> **Information given**
______________________________

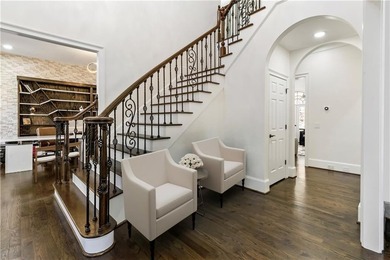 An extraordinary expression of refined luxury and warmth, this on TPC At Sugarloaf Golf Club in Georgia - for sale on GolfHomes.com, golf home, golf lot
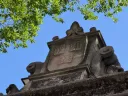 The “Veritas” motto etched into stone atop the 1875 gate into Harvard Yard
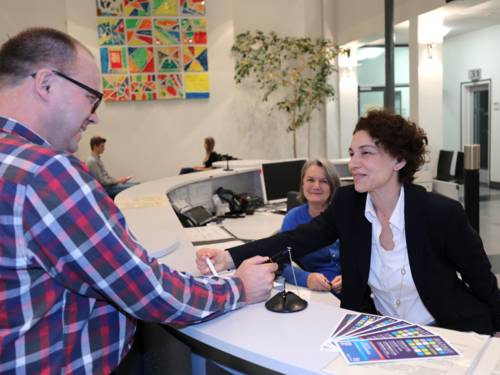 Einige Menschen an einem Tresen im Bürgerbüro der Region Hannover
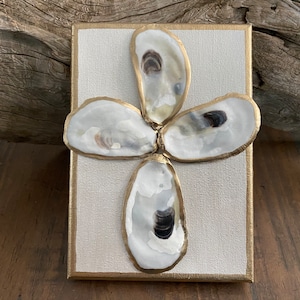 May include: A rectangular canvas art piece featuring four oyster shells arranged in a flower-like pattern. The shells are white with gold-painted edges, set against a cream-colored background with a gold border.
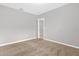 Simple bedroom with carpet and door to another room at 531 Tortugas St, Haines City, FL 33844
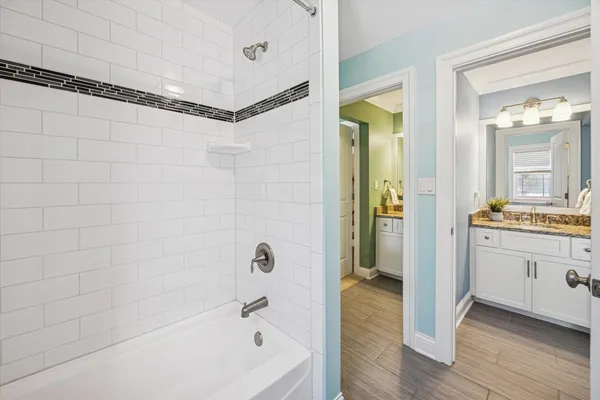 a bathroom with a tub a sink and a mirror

______________________________

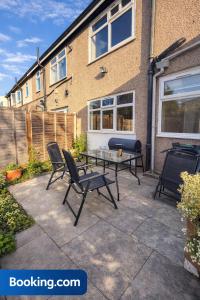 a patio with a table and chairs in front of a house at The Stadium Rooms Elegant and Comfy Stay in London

______________________________

> **What the exercise asks**
Once the line with "Einige Menschen an" has been found above, output that line and every later line exactly, stopping after the line with "a bathroom with a tub a sink and a mirror", and omit the pictures.

> **Answer space**
 Einige Menschen an einem Tresen im Bürgerbüro der Region Hannover
 May include: A rectangular canvas art piece featuring four oyster shells arranged in a flower-like pattern. The shells are white with gold-painted edges, set against a cream-colored background with a gold border.
 Simple bedroom with carpet and door to another room at 531 Tortugas St, Haines City, FL 33844
 a bathroom with a tub a sink and a mirror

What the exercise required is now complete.